Parmi les suggestions avancées jusqu’ici, deux sont à retenir :

1) Recourir à des référendums sectoriels en vue de « rapatrier » vers le Québec des pouvoirs présentement exercés par le gouvernement central.

Tout à fait pertinent pour résoudre des conflits ponctuels Québec-Ottawa, ce moyen ne parviendrait cependant à transformer le statut du Québec que si on l’appliquait, chaque fois avec succès, pendant plusieurs mandats électoraux.

2) Doter le Québec d’une Constitution.

Si le Québec devait demeurer province canadienne, un devoir collectif s’imposerait de toute façon : nous définir, ainsi que nos valeurs et objectifs, dans notre Constitution.

La Constitution d’un Québec souverain aurait, elle, une tout autre portée. Elle permettrait de «visualiser» à quoi il ressemblerait, devenu maître de ses affaires. Elle offrirait un argumentaire enrichi à ceux et celles qui souhaitent le voir acquérir la plénitude du pouvoir politique. Comme enjeu, thème de réflexion et texte de référence, elle donnerait lieu à un débat à bien des égards différent de ceux qui ont prévalu lors des référendums de 1980 et 1995. Sauf que l’adhésion du public à cette Constitution suppose son accord avec la souveraineté elle-même.
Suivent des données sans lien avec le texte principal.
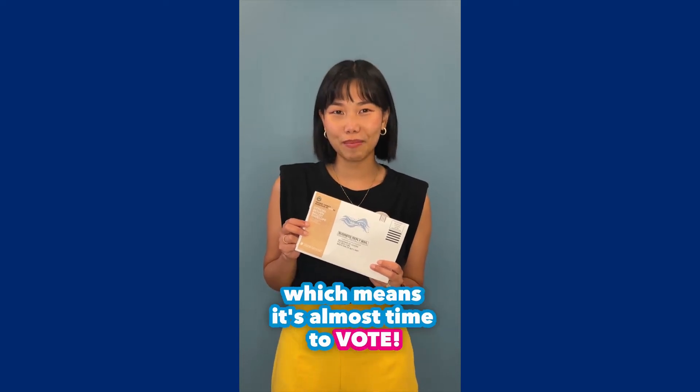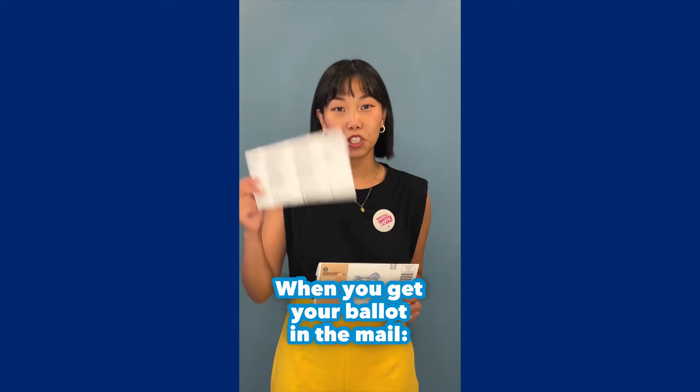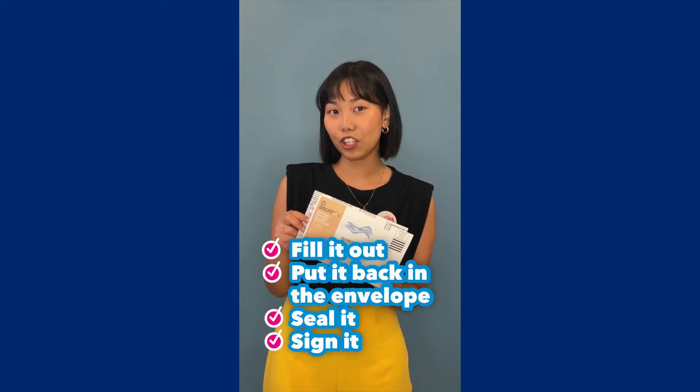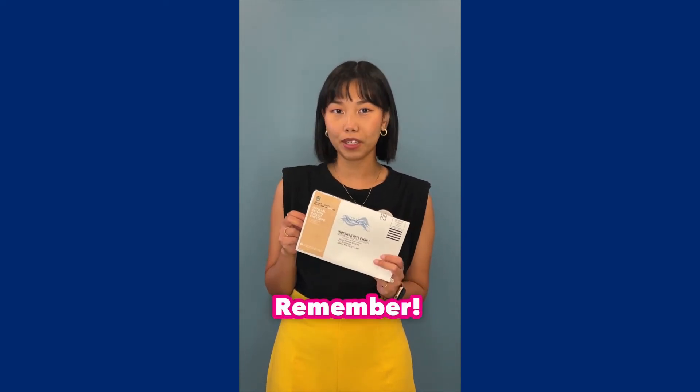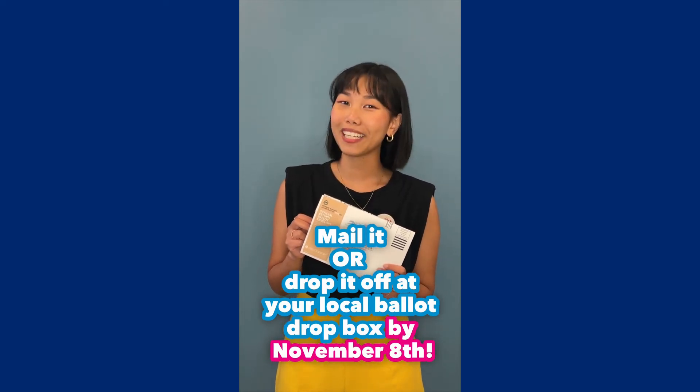The California general election is coming up, which means it's almost time to vote. When you get your ballot in the mail, just fill it out, put it back in the envelope, seal it, sign it, and remember — either mail it or drop it off at your local ballot dropbox by November 8th.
Une autre approche existe : Proposer aux Québécois un programme fondé sur la sauvegarde et le développement de leur identité, et exiger la reconnaissance constitutionnelle de la nation québécoise.

Dans cette perspective et sans renoncer à la souveraineté, le Parti québécois s’engagerait à un plan d’action axé sur la défense et la promotion de notre identité propre. Élu, il en appliquerait les éléments réalisables dans le cadre politique actuel. Les autres – mettant en cause le multiculturalisme canadian et sa source, la Constitution unilatéralement imposée au Québec en 1982 – feraient éventuellement l’objet d’un référendum qui pourrait coïncider avec l’élection au terme du prochain mandat du PQ.

En phase avec les aspirations naturelles des Québécois, une telle démarche n’a jamais été tentée.

J’ai écrit ce long texte au cours de la dernière année pour contribuer à la réflexion de tous ceux et celles qui ont à cœur l’avenir politique du Québec. Les souverainistes en particulier.

Certains vont juger la question presque sacrilège : Que faire si, à court et moyen terme, un référendum gagnant sur la souveraineté n’était pas possible ? Pourquoi s’interroger là-dessus, répliqueront-ils, puisque le premier devoir des souverainistes est de créer les conditions qui feront que la question ne se posera pas.

Je veux bien, mais je la pose quand même – et j’essaie d’y répondre – pour le cas où il faudrait y faire face. Voyons pourquoi l’hypothèse n’est pas forcément fantaisiste. Plus loin, on constatera qu’elle n’a rien de défaitiste.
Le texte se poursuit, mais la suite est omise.